While the regional diversity within the United States might prompt politicians to pursue policies that target aid to distressed regions, that seems likely to be counterproductive. America has always dealt with regional economic disparities through migration. … Today’s recession will also prompt mobility, probably toward more skilled, more centralized cities with less historical commitment to manufacturing.”

I could not agree more. Our urban policy, such that it is, is decidedly backward looking. It’s high time urban policy focus on leveraging the three key things – mobility, density, and human capital accumulation – that are real engines of prosperity.

2 Responses to “Crisis Geography”

  1. Curt Says:

    What I find interesting is that the city Richard singled out in his Atlantic piece to be hit the hardest – Phoenix – is actually outperforming some of the “Creative” economies like Seattle, at least in terms of unemployment. Any response?

  2. Patrick Says:

    Curt,

    It’s a good question, but I think it’s way to early to issue a verdict on Richard’s predictions.

    The collapse of manufacturing places has been decades in the making. The second graph seems to suggest that places like Flint, Hickory, Detroit, and Grand Rapids got “locked in” to manufacturing in the 1970’s, and haven’t gotten off of their previous trajectories yet. If we are to see a collapse of the “growth without growth cities” : Phoenix, Fullerton, Las Vegas- than surely it wouldn’t happen in a few years.

    Also. unemployment is only one measure for decline.
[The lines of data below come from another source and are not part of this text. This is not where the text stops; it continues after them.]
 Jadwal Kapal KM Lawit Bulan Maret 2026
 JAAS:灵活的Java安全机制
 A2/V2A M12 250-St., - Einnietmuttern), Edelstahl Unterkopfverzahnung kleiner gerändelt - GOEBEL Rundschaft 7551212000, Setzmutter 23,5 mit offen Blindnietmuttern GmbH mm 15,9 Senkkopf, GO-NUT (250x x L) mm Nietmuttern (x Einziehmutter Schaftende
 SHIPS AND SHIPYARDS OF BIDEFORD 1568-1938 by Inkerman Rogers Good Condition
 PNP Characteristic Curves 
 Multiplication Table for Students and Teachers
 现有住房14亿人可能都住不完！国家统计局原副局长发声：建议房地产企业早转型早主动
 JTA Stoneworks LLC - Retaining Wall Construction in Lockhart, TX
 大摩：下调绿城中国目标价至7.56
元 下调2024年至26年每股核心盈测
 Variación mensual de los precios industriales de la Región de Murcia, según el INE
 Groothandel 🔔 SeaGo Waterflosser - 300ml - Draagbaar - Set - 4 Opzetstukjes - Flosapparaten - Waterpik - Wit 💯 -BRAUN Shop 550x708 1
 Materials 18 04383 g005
Phoenix’s growth has already started to reverse- and i would guess that alot of the people who left were highly mobile construction workers who went back to their place of origin. Housing prices are, of course, way down and I don’t think they will ever rebound to their previous highs. Water is still scarce. The border region is increasingly unstable.

    I don’t think Phoenix is fated for decline. It can still bolster its connections to other places, boost densities, invest in human capital etc. But at this point, why would you bet on phoenix?